━━ Provided material ━━

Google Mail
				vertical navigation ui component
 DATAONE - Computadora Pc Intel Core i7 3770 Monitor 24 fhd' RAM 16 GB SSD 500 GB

━━━

The required output is every line from the one that holds "vertical navigation ui component" through the last line of the listing above, retyped exactly and with nothing else.

				vertical navigation ui component
 DATAONE - Computadora Pc Intel Core i7 3770 Monitor 24 fhd' RAM 16 GB SSD 500 GB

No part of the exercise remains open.